The current President of the Friends is Robert Gascoyne-Cecil, 7th Marquess of Salisbury and the Vice Presidents consist of Lord Bragg of Wigton, Frank Field MP, William Hague MP, Lord Hameed, Lord Jones of Birmingham, Sir Geoffrey Leigh, Penelope Lively, Sir Andrew Motion, Cdr Michael Saunders Watson and Lord Steel of Aikwood.
The Chairman of the Friends in 2013 was Ferdinand Mount, and Deputy Chairman was Graham Allatt.

==Acquisitions==
The Friends principally fund acquisitions for the British Library's collections that it would not otherwise be able to fund from its own finances.

Such acquisitions have included author Graham Swift's archive, which included manuscripts, notes, revisions and proofs to all eight of his novels including the Booker Prize-winning Last Orders.

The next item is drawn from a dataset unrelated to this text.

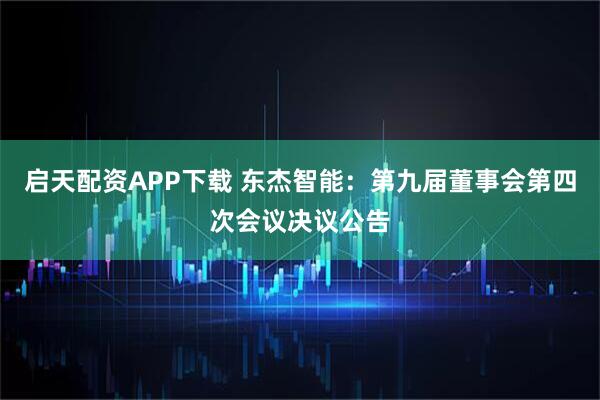 启天配资APP下载 东杰智能：第九届董事会第四次会议决议公告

Funding has also included a contribution towards the £500,000 required in order to purchase the Ted Hughes archive, a former poet laureate, which included more than 220 files and boxes of manuscripts.

One acquisition was the Macclesfield Alphabet, a collection of 14 different types of alphabet that date from around 1500 AD. The Friends collaborated with the National Heritage Memorial Fund, The Art Fund, members of the British Library and several individual donors in order to enable the British Library to purchase the book.

===Dering Roll===
Those three charities had previously collaborated, along with Friends of the National Libraries, to purchase the Dering Roll in 2008. The Dering Roll is the oldest extant English roll of arms, dating from around 1270 AD. It depicts 324 coats of arms which are approximately a quarter of the entire English baronage during the reign of Edward I. It was purchased by the British Library at auction for £194,184 (including VAT).

===Bust of King George III===
In 1998 the Friends purchased Peter Turnerelli's 1812 marble bust of King George III to commemorate the move of the King's Library into the new facility at St. Pancras. The bust was purchased entirely by the Friends for the sum of £25,000. It is currently on public display on the first floor, at the head of the stairs at the main British Library facility in St. Pancras.

===Mary Welch===
The single largest contribution that the Friends have made towards the British Library was the grant of £130,000 towards a new conservation room as part of a bequest from Mary Welsh. She was a Friends volunteer and conservation enthusiast.

===Mervyn Peake's archive===
The Friends again collaborated with the British Library, The Art Fund, Friends of the National Libraries and individual donors to purchase Mervyn Peake's archive for a sum of £410,000. The archive included 39 Gormenghast notebooks, as well as the complete set of original drawings for the 1954 edition of Lewis Carroll's Alice Through the Looking-Glass and Alice's Adventures in Wonderland.

The archive itself dates from between 1940 and Peake's death in 1968 and includes unpublished material such as correspondence with writers Laurie Lee, Walter de la Mare and C. S. Lewis. It also included the unpublished draft of the sequel to the Gormenghast trilogy, Titus Awakes which was published in 2011 by Vintage Classics to celebrate the centenary of Peake's birth.

===Merger===
At their AGM on 19 March 2018, the Friends voted in favour of a proposal to merge with the Library's Membership scheme. This went into effect on 1 April 2018.